Macroscopic models, mainly adjusted +/- types that use the score of the game and combinations of players to attach an effect in points in the game to each player, unfortunately are limited in their precision. Even with an 82 game schedule and 48 minutes a game, there is not enough information to diminish the margin of error from roughly five points. For reference, these five points are over the course of a typical game, and it would separate the previous champions the Dallas Mavericks from teams that couldn’t even get into the playoffs. Microscopic models, however, have no problem with precision and with certainty can tell the reader exactly what the result is virtually every time. These models are shortsighted, obviously, by only reading the box score; their knowledge of defense is stealing the ball, blocking it, fouling, or rebounding. What they lack is accuracy. The macroscopic model can show you the entire galaxy but blurred and hazy; the microscopic will focus on a few spiral arms of the galaxy with great detail and clarity. You can’t assume you know exactly what the rest of the galaxy looks like from only a small section.

Wins Produced, an invention from economics professor David Berri, is the kind that focuses on only a few points in space: it uses traditional box score stats to estimate how many wins each player contributes to the team. Unfortunately, the proponents of the stat are so arrogant in the discussion and validation of their findings that they bring down the entire advanced statistical basketball community with them. Others like John Hollinger, of PER fame, will discuss the limitations of his model and admit its flaws. He doesn’t rate players solely by the stat, and with defense ignores it almost entirely. Wins Produced are discussed like it’s the only statistic a person needs when evaluating the league, except for something like age.

Despite the confidence of the authors, Wins Produced isn’t a super advanced metric; it’s really quite simple. The basis to the entire model is the possession. If offensive and defensive efficiency directly relate to wins, a reasonable assumption and one tested statistically, then one then be able to find a proxy for wins based on a model that calculates the aforementioned efficiencies. Rebounds add possessions, and thus add to wins, while turnovers are lost possessions, and thus you lose wins. This is entirely fine on a team level, but there are huge assumptions glossed over when pinning them on individual players.

Although most stats are directly tied to wins through the possessions, some like blocks and assists had their values found through analysis. However, the average value to applied to each player; this means something like a block Is the same value for someone like Dwight Howard, who swats a shot out of bounds and lets the other team have the possession, and Tim Duncan, who tries to tip the ball to his teammate to gain one. Assists have the same problem – an Andre Miller assist is typically more valuable than a Lebron James one because of how often Miller feeds a teammate for a dunk and how often James gets an assist for a long-jumper. Nonetheless, there are even more problems with the statistics directly tied to a possession.

Take, for example, the rebound. Think of the retired Bruce Bowen, a respected defender, guarding an offensively potent wing player during a possession. If he does everything correctly – denying good position after running up the court, move his feet to prevent a drive to the lane, stay grounded during shot fakes, force him into a tough long-jumper – then he still will not receive any credit according to Wins Produced; instead someone like Rasho Nesterovic would grab the rebound and be rewarded with an uptick in his statistics. There is obviously something very wrong with that model.

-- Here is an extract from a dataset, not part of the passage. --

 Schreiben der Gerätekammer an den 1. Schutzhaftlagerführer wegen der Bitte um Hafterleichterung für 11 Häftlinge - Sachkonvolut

For defense, there is another factor in Wins Produced that I have not yet discussed. It’s the team defense factor. To incorporate the difficult task of assessing defense beyond a surface level they simply add an almost negligible number based solely on the team of the player; it’s essentially a team defensive efficiency statistic. That’s it. Carlos Boozer got the same benefit as Luol Deng, and Jason Richardson the same as Dwight Howard. There are also positional adjustments to mask the poor numbers for guards versus centers and power forwards, but that’s not egregious compared to the next topic.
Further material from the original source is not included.